Montag, 23. April 2018

Die Mutter-Kolumne: Das Zauberwort


Jeden Monat in der eltern.family nehme ich mir eine Selbstverständlichkeit aus dem Leben mit Kindern vor und frage mich: Klar, viele machen oder sagen das, aber wieso eigentlich? Dieses Mal: das Zauberwort.

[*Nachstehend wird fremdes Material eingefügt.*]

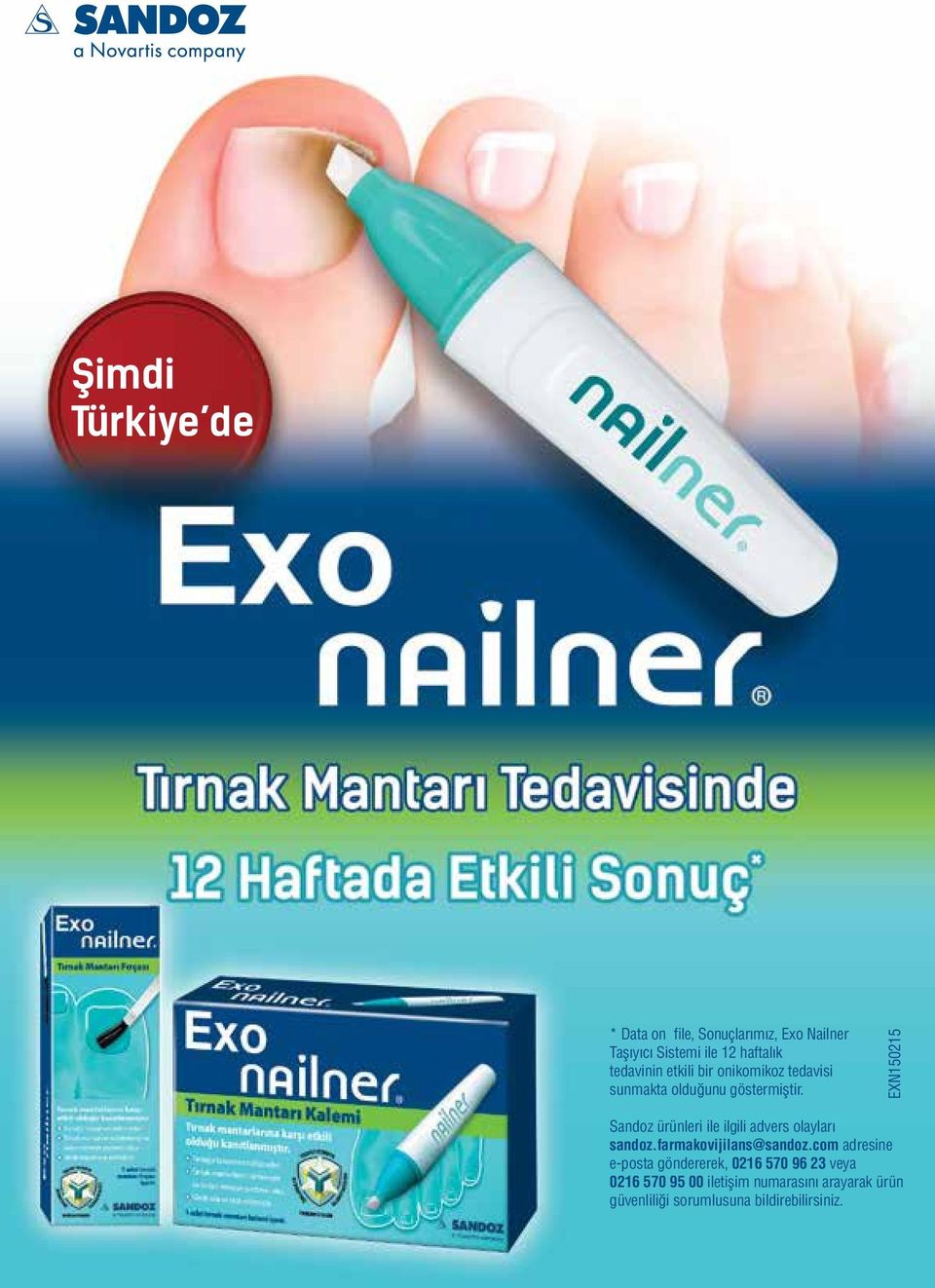 EXN150215 Sandoz ürünleri ile ilgili advers olayları sandoz.farmakovijilans@sandoz.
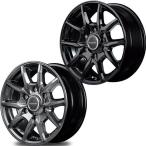ショッピングハイエース ハイエース/キャラバン等 15インチ 6穴 139.7 5.5J/6J ロードマックス KG25 メタリックグレーorブラック ホイール単品 4本セット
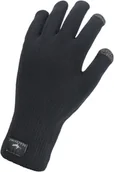 Rękawiczki sportowe męskie - Sealskinz Sealskinz Waterproof All Weather Ultra Grip Rękawice z dzianiny, black L | 10 2021 Rękawiczki dotykowe do smartphona 12100082000130-L - miniaturka - grafika 1
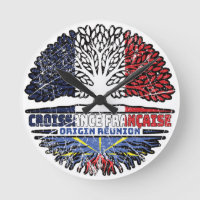 Réunion Réunionese France Tree Roots Flag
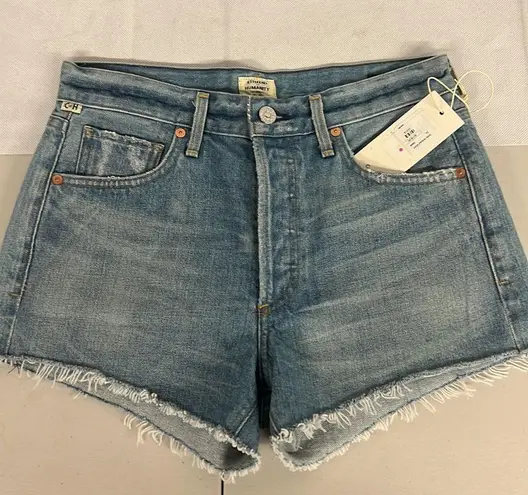 Citizens of Humanity NEW   Women's Bree Relaxed Short Blue Denim Jean Sz 24 00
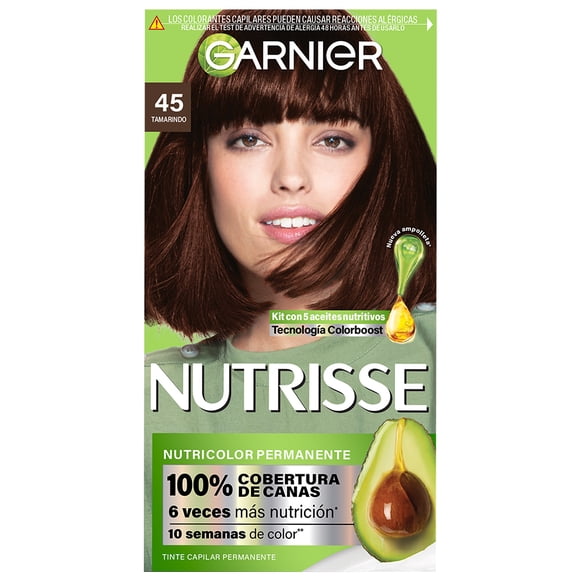 Tinte para cabello Garnier Nutrisse 45 tamarindo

Auf dem Marktplatz verteilt ein Clown Ballons.
„Ich möchte auch einen“, ruft das Söhnchen.
„Dann hol ihn dir“, sage ich.
„Liebe Mama, machst du das? Da sind so viele andere Kinder“, quengelt der Süße mit auf sehr niedliche Weise aufgerissenen Augen.
„Nein“, bleibe ich standhaft, schaue aber schnell woanders hin. „Ich kaufe ein paar Karotten. Wir treffen uns dann wieder hier.“

Später an selber Stelle habe ich ein Bund Möhren in der Hand, mein Sohn aber keinen Ballon. Er zieht ein Schippchen, und feuchte Spuren auf seinen Wangen erzählen von Kummer.
„Was ist los?“, frage ich. „Ist der Ballon geplatzt?“
„Nein“, knurrt der Kleine.
Ich warte. Doch vor Erregung kann er nichts weiter sagen.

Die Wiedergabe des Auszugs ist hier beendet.